» **Extracted information**
Content starts

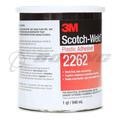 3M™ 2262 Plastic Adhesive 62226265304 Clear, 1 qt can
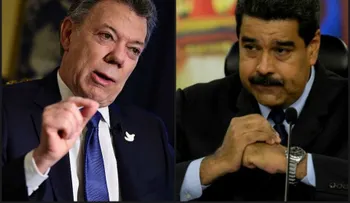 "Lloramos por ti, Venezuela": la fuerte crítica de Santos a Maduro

Content ends
Content starts

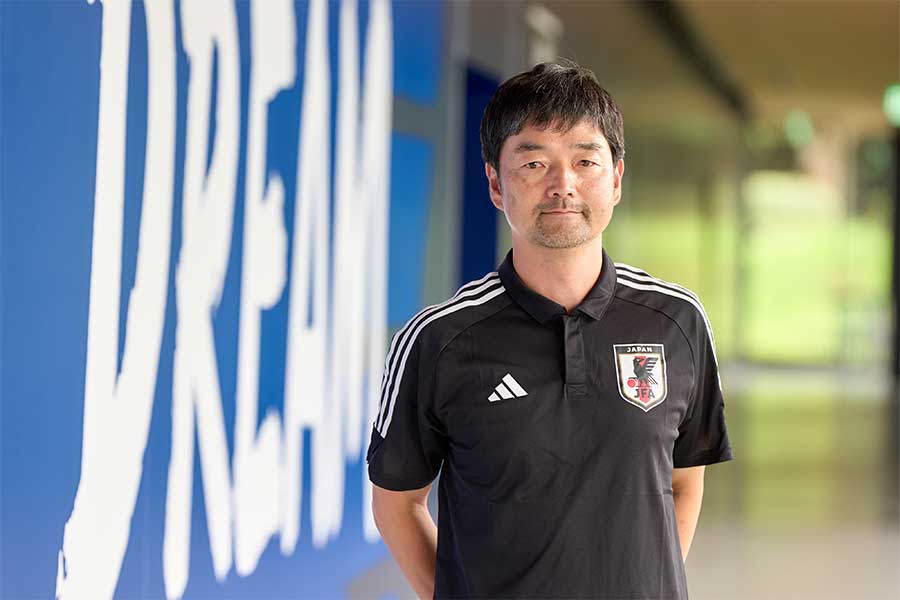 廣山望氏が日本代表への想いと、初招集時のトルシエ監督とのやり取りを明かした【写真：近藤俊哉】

Content ends

» **Exercise instructions**
Find where the line with "3M™ 2262 Plastic" sits in the material above and where the line with "Santos a Maduro" sits. Set down exactly the lines from the first to the second, both included and nothing else, without pictures.

» **Exercise output**
 3M™ 2262 Plastic Adhesive 62226265304 Clear, 1 qt can
 "Lloramos por ti, Venezuela": la fuerte crítica de Santos a Maduro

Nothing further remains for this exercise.